**Record set:**
****************

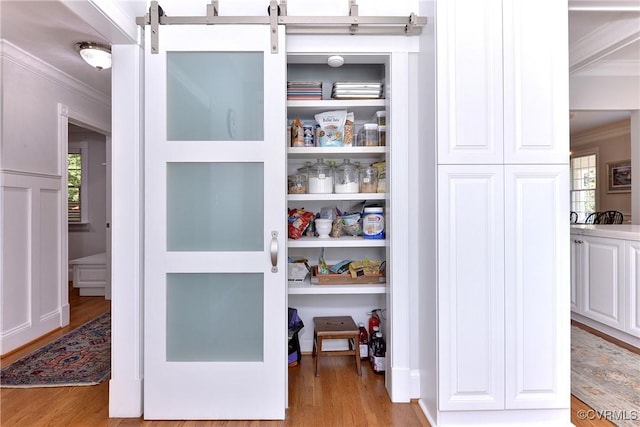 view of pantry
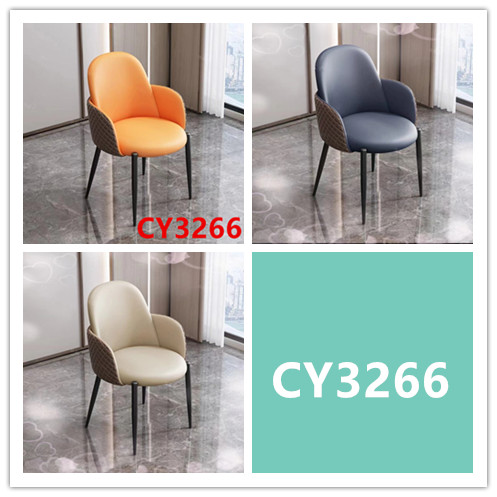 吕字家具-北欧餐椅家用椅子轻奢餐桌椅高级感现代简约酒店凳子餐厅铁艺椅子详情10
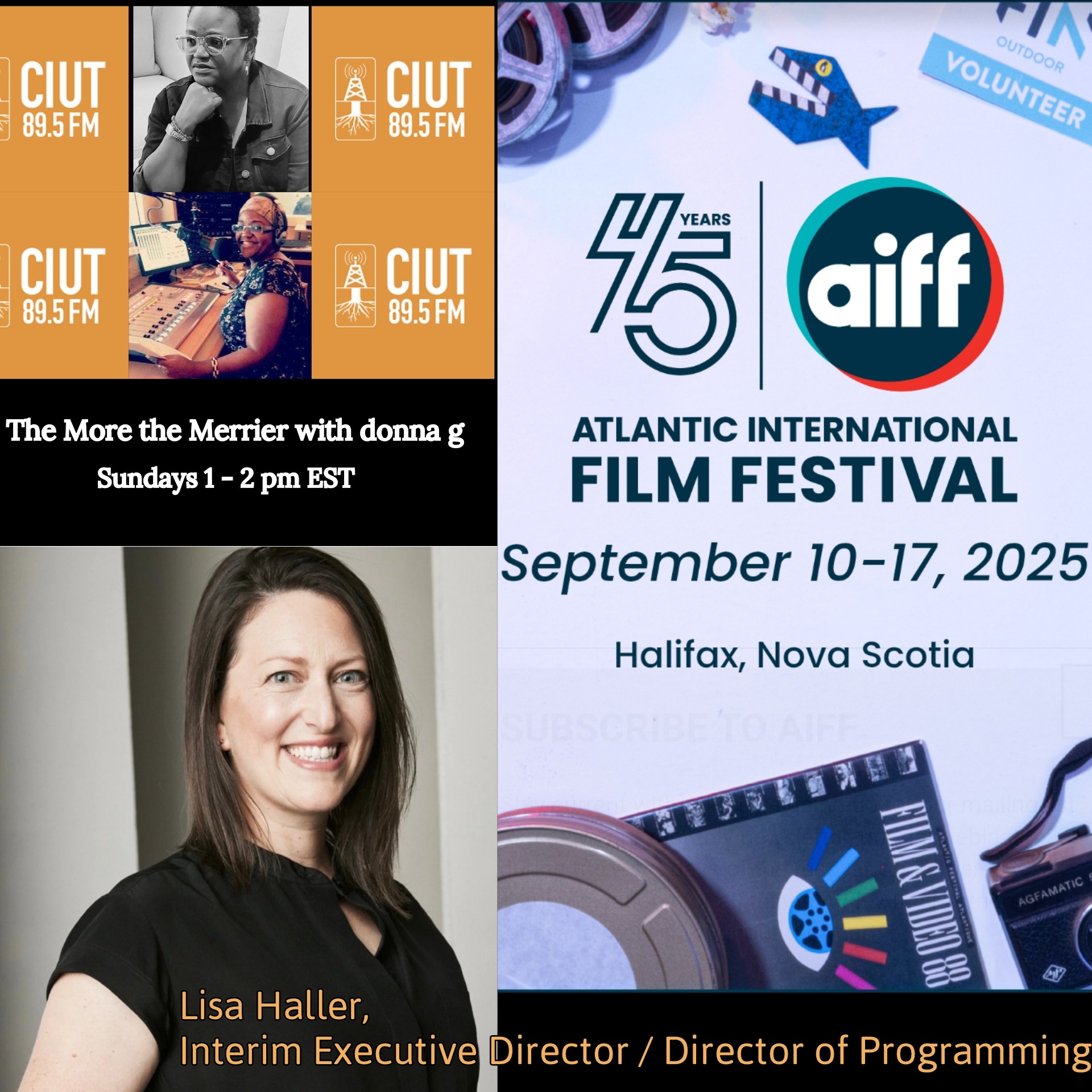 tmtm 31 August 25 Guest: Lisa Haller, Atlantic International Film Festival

****************

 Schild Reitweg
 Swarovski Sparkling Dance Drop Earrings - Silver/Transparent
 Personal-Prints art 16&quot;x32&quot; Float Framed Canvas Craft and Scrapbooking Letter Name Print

****************

Would you please copy exactly the part of the entries above that begins at the line containing "Swarovski Sparkling Dance" and ends at the line containing "Personal-Prints art 16&quot;x32&quot;", both lines included?

**Result for this exercise:**
 Swarovski Sparkling Dance Drop Earrings - Silver/Transparent
 Personal-Prints art 16&quot;x32&quot; Float Framed Canvas Craft and Scrapbooking Letter Name Print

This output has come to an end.